Nos últimos meses, ganhou destaque a iniciativa da Associação Brasileira de Propaganda – ABP, ao desenvolver, através de sua Entidade Depositária da Criação de Propaganda, um procedimento de depósito para o registro, informal, de expressões de propaganda que possibilite uma proteção mais segura e palpável para estes sinais distintivos no Brasil.

Os sinais e expressões de propaganda apresentam características próprias e muito peculiares, de modo que até hoje muito se discute sobre a necessidade de se existir, ou não, algum tipo de proteção especial para os mesmos. Ao contrário das marcas, cuja função clássica é de distinguir produtos e serviços, a expressão de propaganda, ou slogan, se propõe a estimular e incentivar o público ao consumo de determinados produto ou serviço. E ao lutar pela criação de uma modalidade de registro informal para tais slogans, o objetivo dos publicitários foi, com certeza, o mais nobre possível : Garantir que seja respeitada a originalidade de jargões tão famosos e atuais como “Experimenta, Experimenta, Experimenta” (Cerveja Nova Schin) a ” Amo muito tudo isso” (McDonalds).

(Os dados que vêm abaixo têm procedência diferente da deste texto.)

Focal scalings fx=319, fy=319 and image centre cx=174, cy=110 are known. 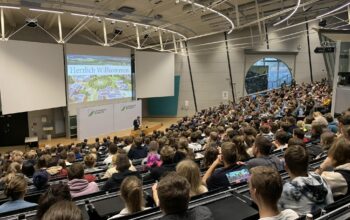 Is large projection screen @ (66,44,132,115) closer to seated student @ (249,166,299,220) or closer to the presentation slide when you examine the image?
the presentation slide

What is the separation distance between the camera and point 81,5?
12258mm

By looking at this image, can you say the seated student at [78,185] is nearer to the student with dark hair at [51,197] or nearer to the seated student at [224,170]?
the student with dark hair at [51,197]

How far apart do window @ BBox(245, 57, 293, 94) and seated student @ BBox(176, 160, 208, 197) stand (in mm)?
21031

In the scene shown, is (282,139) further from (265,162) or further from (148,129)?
(148,129)

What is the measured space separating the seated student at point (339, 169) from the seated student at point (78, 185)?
2.50 m

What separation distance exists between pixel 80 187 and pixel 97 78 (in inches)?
533

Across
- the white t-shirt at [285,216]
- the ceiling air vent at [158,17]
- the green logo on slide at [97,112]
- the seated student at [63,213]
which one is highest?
the ceiling air vent at [158,17]

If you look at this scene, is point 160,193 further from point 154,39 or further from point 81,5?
point 154,39

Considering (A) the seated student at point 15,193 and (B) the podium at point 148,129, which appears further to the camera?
(B) the podium at point 148,129

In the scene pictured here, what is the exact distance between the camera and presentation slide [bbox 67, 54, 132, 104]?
15.6 meters

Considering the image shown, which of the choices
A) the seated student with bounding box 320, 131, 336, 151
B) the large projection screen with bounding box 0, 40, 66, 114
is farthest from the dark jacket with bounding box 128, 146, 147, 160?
the large projection screen with bounding box 0, 40, 66, 114

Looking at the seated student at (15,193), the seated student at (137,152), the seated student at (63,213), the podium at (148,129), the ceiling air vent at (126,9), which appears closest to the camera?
the seated student at (63,213)

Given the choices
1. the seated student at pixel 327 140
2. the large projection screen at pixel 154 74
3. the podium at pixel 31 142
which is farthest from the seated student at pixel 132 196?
the large projection screen at pixel 154 74

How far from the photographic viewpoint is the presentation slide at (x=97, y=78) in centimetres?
1555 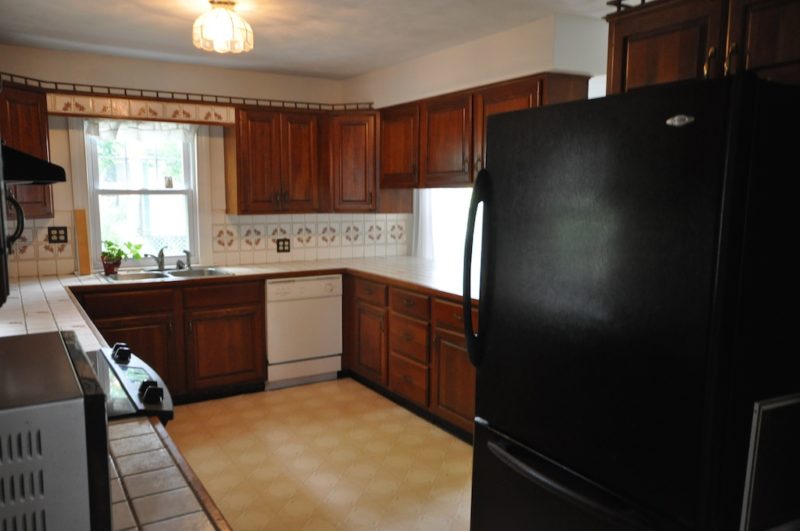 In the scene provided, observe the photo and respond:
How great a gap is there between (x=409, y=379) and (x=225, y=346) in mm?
1281

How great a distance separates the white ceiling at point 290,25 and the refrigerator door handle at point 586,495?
2149mm

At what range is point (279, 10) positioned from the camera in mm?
2943

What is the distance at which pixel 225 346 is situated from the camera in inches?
159

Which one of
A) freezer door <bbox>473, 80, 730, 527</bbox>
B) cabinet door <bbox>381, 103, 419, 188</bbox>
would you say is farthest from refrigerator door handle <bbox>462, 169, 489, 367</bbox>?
cabinet door <bbox>381, 103, 419, 188</bbox>

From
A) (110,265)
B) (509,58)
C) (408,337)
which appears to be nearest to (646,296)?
(509,58)

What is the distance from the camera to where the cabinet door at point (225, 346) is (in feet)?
12.8

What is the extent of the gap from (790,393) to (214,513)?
130 centimetres

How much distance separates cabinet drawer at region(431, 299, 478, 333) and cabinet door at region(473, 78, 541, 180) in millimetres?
794

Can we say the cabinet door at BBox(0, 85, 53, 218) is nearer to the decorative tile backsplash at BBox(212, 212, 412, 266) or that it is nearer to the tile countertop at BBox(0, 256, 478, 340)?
the tile countertop at BBox(0, 256, 478, 340)

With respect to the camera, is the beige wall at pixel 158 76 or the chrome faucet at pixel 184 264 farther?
the chrome faucet at pixel 184 264

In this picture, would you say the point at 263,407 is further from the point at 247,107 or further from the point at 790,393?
the point at 790,393

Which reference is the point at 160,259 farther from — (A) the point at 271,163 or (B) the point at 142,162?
(A) the point at 271,163

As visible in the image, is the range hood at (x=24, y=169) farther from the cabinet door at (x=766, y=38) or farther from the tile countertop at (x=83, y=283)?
the cabinet door at (x=766, y=38)

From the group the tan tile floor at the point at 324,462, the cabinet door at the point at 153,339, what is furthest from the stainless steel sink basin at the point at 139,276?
the tan tile floor at the point at 324,462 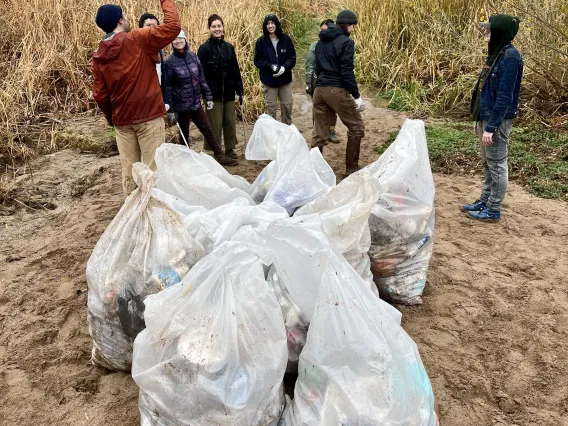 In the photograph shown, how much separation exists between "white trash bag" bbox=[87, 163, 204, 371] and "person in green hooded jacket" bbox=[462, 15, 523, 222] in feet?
8.05

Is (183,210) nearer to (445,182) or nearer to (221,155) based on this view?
(221,155)

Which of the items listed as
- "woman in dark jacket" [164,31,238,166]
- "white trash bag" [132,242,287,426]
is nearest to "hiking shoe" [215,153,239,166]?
"woman in dark jacket" [164,31,238,166]

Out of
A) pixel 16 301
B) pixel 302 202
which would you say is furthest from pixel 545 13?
pixel 16 301

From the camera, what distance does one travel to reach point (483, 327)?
2789 mm

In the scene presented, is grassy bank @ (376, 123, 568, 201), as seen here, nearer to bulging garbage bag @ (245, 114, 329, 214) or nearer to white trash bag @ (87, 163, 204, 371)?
bulging garbage bag @ (245, 114, 329, 214)

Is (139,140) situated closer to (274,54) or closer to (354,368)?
(274,54)

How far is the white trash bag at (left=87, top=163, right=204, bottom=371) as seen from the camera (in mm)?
2268

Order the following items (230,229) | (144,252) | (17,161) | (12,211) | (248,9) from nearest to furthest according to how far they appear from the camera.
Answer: (144,252), (230,229), (12,211), (17,161), (248,9)

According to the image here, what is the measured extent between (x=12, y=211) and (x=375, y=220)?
317cm

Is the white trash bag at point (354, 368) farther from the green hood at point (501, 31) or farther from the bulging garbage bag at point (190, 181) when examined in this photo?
the green hood at point (501, 31)

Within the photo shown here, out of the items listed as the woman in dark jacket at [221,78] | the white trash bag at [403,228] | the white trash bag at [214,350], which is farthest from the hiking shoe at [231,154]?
the white trash bag at [214,350]

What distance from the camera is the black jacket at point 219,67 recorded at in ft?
16.4

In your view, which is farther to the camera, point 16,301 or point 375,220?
point 16,301

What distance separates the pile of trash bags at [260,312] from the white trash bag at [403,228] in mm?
11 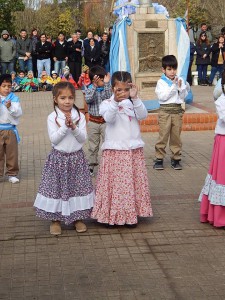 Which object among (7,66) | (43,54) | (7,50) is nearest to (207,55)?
(43,54)

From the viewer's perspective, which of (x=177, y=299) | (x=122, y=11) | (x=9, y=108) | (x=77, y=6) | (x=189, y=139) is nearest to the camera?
(x=177, y=299)

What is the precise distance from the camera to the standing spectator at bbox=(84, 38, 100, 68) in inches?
740

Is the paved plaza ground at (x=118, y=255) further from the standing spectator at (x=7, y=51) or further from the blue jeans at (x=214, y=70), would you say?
the standing spectator at (x=7, y=51)

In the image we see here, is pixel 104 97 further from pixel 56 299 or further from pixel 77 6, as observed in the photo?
pixel 77 6

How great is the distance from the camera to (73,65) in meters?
19.3

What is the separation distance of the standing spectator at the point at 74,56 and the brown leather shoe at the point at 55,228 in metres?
13.6

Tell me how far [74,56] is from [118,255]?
1457 cm

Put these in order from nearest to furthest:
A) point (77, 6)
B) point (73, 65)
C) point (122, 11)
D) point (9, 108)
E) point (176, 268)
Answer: point (176, 268)
point (9, 108)
point (122, 11)
point (73, 65)
point (77, 6)

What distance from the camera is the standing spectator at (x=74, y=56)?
1922cm

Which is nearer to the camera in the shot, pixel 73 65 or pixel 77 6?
pixel 73 65

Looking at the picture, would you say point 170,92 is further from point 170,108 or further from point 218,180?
point 218,180

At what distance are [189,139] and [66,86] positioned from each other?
561cm

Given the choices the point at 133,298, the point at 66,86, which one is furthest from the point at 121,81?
the point at 133,298

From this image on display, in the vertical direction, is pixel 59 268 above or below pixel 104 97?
below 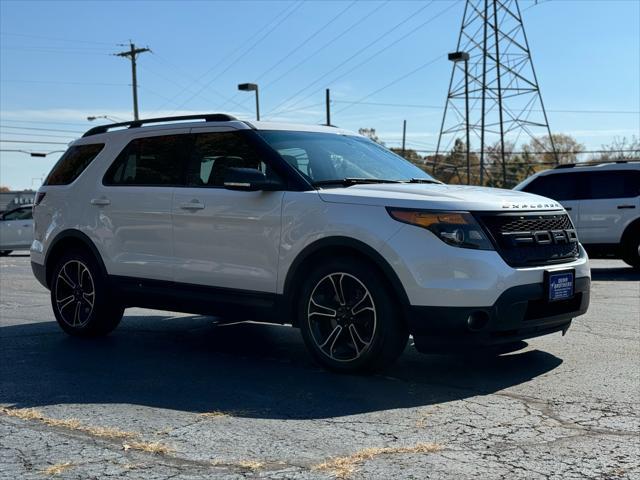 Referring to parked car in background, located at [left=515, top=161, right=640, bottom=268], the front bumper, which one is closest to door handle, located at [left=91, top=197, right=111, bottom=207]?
the front bumper

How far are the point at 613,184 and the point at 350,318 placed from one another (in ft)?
32.3

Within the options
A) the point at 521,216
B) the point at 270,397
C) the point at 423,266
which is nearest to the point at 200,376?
the point at 270,397

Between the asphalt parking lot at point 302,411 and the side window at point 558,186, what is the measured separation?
7.31 m

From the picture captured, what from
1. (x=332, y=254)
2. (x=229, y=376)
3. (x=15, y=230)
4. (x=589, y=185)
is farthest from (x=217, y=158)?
(x=15, y=230)

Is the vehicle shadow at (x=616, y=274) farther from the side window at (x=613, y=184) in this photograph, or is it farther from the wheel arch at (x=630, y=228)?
the side window at (x=613, y=184)

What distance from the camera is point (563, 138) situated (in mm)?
108375

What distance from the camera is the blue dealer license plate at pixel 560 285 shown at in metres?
5.73

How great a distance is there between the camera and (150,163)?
7.29 metres

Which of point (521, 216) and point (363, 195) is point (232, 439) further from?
point (521, 216)

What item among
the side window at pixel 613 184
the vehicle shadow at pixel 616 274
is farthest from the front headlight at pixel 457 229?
the side window at pixel 613 184

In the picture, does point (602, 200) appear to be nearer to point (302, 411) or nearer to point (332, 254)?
point (332, 254)

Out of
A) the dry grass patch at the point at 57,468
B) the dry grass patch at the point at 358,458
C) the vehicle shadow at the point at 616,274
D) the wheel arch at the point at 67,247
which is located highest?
the wheel arch at the point at 67,247

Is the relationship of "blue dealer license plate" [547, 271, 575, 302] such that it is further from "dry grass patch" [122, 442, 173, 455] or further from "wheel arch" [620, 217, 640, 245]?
"wheel arch" [620, 217, 640, 245]

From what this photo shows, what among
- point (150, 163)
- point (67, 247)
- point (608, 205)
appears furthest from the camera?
point (608, 205) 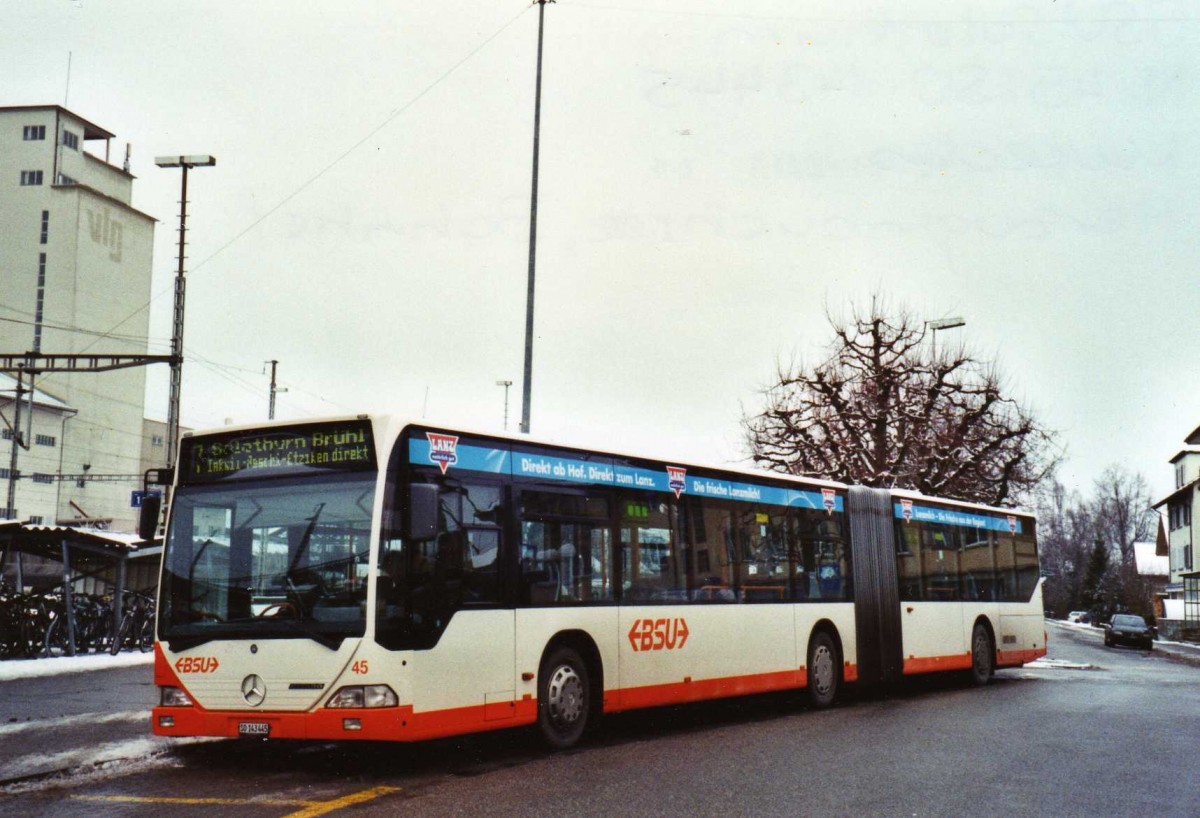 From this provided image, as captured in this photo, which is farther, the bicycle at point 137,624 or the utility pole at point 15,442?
the utility pole at point 15,442

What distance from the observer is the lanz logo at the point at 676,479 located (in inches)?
533

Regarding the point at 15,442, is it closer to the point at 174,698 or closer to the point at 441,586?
the point at 174,698

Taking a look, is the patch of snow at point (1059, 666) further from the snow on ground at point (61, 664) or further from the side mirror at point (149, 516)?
the side mirror at point (149, 516)

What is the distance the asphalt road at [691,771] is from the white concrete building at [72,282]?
76.2m

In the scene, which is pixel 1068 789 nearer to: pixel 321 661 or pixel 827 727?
pixel 827 727

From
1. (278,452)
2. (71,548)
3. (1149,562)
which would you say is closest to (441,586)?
(278,452)

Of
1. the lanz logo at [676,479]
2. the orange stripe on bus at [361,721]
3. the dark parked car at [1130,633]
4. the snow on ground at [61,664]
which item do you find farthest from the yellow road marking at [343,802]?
the dark parked car at [1130,633]

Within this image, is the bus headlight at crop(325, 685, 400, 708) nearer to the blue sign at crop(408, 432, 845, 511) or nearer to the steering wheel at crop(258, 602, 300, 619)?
the steering wheel at crop(258, 602, 300, 619)

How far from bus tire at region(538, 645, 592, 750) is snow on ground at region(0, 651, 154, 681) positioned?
10.6m

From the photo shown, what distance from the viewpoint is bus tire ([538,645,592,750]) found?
11047 millimetres

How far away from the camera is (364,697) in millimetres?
9234

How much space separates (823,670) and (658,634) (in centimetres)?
436

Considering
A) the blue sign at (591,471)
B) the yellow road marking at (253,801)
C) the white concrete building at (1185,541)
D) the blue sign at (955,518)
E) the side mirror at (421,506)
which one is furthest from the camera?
the white concrete building at (1185,541)

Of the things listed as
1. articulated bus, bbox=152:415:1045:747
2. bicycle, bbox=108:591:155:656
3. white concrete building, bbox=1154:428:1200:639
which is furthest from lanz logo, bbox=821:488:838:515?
white concrete building, bbox=1154:428:1200:639
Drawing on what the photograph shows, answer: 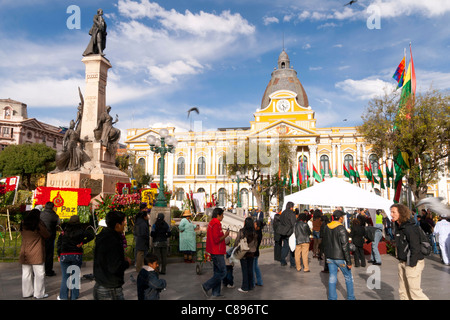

Porem, para examinarmos esta nova modalidade de registro extra-oficial, cuja abrangência não se limita às expressões de propaganda mas inclui, até mesmo, o registro de “conceitos” ou “idéias” publicitárias, entendemos necessário demonstrar as opções que a legislação atual disponibiliza para proteger tais criações, abordar as suas vantagens e desvantagens e, enfim, discorrer sobre a efetiva validade de registros de sinais de propaganda concedidos através da ABP.

A proteção, ontem e hoje.

A Lei 5.772/71 o antigo “Código da Propriedade Industrial”, não apenas definia o conceito de “sinal e expressão de propaganda”, mas também era uma das únicas do mundo que previa uma proteção para os mesmos através de registro específico, nos artigos 2,c, 73 e no Capitulo II, Seção I do referido, e revogado, diploma legal:

Art. 2.° A proteção dos direitos relativos à propriedade industrial se efetua mediante:

a) concessão de privilégios: de invenção; de modelo de utilidade; de modelo industrial; e de desenho industrial;

b) concessão de registros: de marca de indústria e de comércio ou de serviço; e de expressão ou sinal de propaganda;

c) repressão a falsas indicações de procedência;

d) repressão à concorrência desleal.

Art. 73 “Entende-se por expressão ou sinal de propaganda toda legenda, anúncio, reclame, frase, palavra, combinação de palavras, desenhos, gravuras, originais e característicos que se destinem a emprego como meio de recomendar quaisquer atividades lícitas, realçar qualidades de produtos, mercadorias ou serviços, ou a atrair a atenção dos consumidores ou usuários.”

A Lei 9.279/96, a atual “Lei de Propriedade Industrial”, eliminou de seu bojo as referências existentes à proteção das expressões e sinais de propaganda através do art. 233. Porém, lembre-se que, em nenhum momento, o legislador extinguiu a sua tutela do ordenamento jurídico pátrio. A diferença entre a lei anterior e a atual é, simplesmente, a forma como a proteção das expressões de propaganda está assegurada, pois a Lei 9.279 não apenas indica que uma marca pode ser usada também em propaganda (art. 131) mas também proíbe o registro de signos que sejam apenas utilizáveis como propaganda (art. 124, VII) e, principalmente, deixa claro que o uso não autorizado de expressão de propaganda de terceiro é crime de concorrência desleal (art. 194 e 195, incisos IV e VII).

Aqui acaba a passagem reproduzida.